ASME has also long functioned as the industry's journalistic watchdog. Its guidelines demand that publishers and editors follow newsroom policies that "ensure that the clear distinction between advertising and editorial content is never blurred."

However, those lines have been blurred in the wake of the recent advertising downturn in the economy that devastated the magazine-publishing business. Industry insiders say the pressure to quietly accommodate advertisers' demands for product placements and favorable inclusion in editorial content has also risen as a result of new competitive realities, such as competition from Web sites.

eroding line

Commercial Alert asked ASME to tighten its guidelines to more clearly prohibit product placements in magazine editorial content and demanded that ASME publicly express its concern about the erosion of church/state separation in magazine editorial offices. The letter called editorial guidelines "inadequate to meet the new increased advertiser pressure" and suggested those who violate ASME's guidelines be excluded from participating in the group's National Magazine Awards competition for a period of up to five years.

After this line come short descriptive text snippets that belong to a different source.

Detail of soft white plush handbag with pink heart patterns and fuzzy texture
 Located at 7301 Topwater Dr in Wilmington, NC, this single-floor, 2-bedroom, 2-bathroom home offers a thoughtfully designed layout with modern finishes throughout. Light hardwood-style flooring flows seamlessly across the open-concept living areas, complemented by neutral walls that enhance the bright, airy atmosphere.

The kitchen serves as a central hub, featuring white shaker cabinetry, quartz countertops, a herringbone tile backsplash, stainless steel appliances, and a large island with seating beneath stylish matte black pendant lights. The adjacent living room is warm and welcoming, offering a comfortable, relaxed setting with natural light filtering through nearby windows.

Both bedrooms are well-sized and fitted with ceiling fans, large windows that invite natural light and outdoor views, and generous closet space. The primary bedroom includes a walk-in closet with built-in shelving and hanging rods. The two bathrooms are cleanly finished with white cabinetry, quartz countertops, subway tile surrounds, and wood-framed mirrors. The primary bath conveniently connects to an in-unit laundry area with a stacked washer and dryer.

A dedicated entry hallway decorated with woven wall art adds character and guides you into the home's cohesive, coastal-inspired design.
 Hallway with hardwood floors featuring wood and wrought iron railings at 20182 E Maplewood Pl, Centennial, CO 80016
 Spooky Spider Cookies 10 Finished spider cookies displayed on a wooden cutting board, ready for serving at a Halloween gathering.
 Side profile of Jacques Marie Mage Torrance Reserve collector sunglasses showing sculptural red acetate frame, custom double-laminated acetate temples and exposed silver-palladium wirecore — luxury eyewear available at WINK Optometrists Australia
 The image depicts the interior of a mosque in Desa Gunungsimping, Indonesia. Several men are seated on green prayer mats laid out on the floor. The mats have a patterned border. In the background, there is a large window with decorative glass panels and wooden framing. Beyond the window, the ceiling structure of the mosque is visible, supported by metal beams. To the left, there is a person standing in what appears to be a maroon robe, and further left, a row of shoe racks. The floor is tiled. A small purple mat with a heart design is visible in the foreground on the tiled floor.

A spokesman for ASME acknowledged the organization had received the letter. "ASME is in the process of rethinking its guidelines in the light of new advertising realities. We are looking at many suggestions about how to improve them," he said. But he added there is no immediate time line for the revision.

The letter asks ASME to require full public disclosure of product placements and more prominent labeling of "advertorial" or custom-publishing inserts.

`tout sheets'

"If ever there was a need for resolute action by your organization this is it," reads the sternly worded letter. "If magazines become mere tout sheets for products and the interests of those who sell them, then every story will be suspect."

That the letter was signed by such a large number of journalism professors is an indication of the depth of feeling the issue of product placement has stirred in journalism circles.

"The reason I signed the letter is that our work teaching the principles of journalism in the classroom is difficult when the students see something different happening outside," said Jennifer Moeller, one of the signers, a University of Missouri assistant professor.

Ms. Moeller said students now frequently bring to class examples of product placements they find in magazines. She said her class also includes students who have come back from internships with various magazines and tell stories about the advertiser favoritism they witnessed in the newsrooms where they worked.